▶ Directions for this task
Once you find the line with "For packaging and" in the entries below, print it and each line after it up to and including the line with "There is supporting", exactly, without pictures.

▶ Dataset records
^^^^

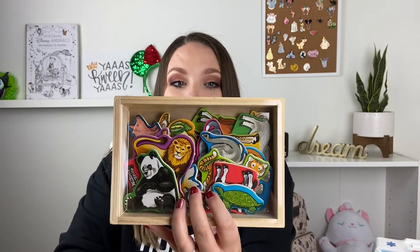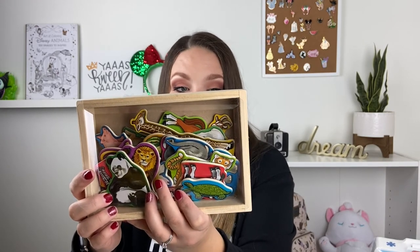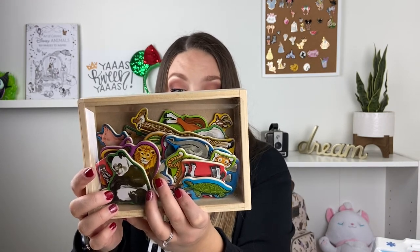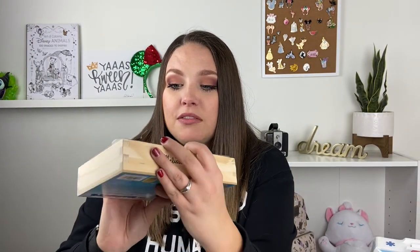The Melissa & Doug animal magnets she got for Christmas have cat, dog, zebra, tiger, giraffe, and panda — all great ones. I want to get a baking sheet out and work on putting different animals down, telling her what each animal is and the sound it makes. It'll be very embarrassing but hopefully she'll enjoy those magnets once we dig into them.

^^^^

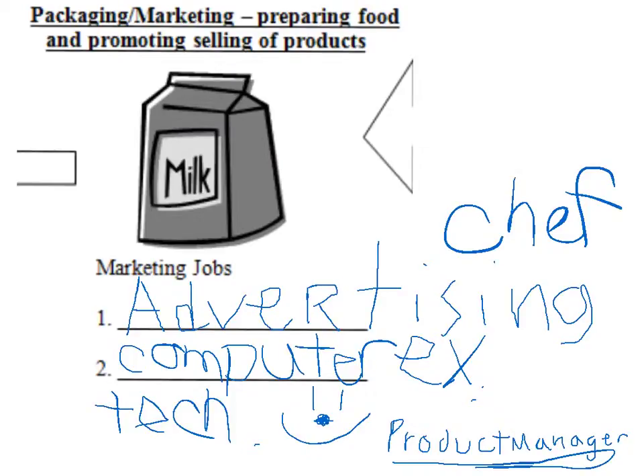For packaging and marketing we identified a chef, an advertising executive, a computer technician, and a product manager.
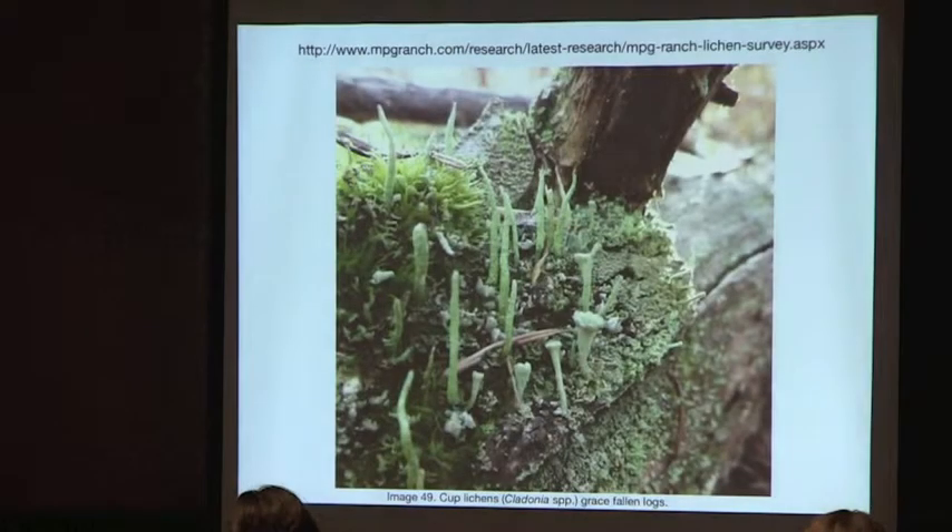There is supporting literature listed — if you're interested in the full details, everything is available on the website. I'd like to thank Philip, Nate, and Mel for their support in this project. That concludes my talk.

^^^^

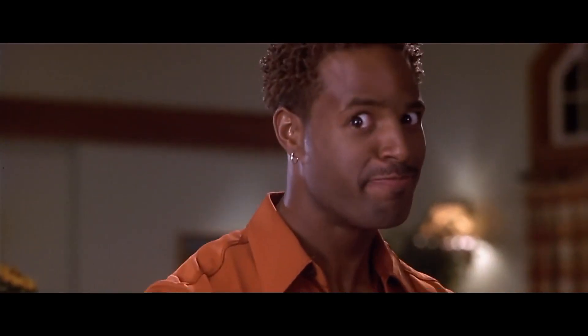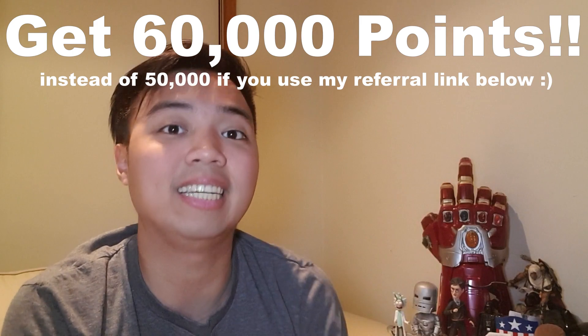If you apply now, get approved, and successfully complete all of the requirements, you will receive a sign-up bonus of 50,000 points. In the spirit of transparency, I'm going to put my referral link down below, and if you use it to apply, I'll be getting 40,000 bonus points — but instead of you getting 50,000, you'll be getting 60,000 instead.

^^^^

▶ Exercise response
For packaging and marketing we identified a chef, an advertising executive, a computer technician, and a product manager.
There is supporting literature listed — if you're interested in the full details, everything is available on the website. I'd like to thank Philip, Nate, and Mel for their support in this project. That concludes my talk.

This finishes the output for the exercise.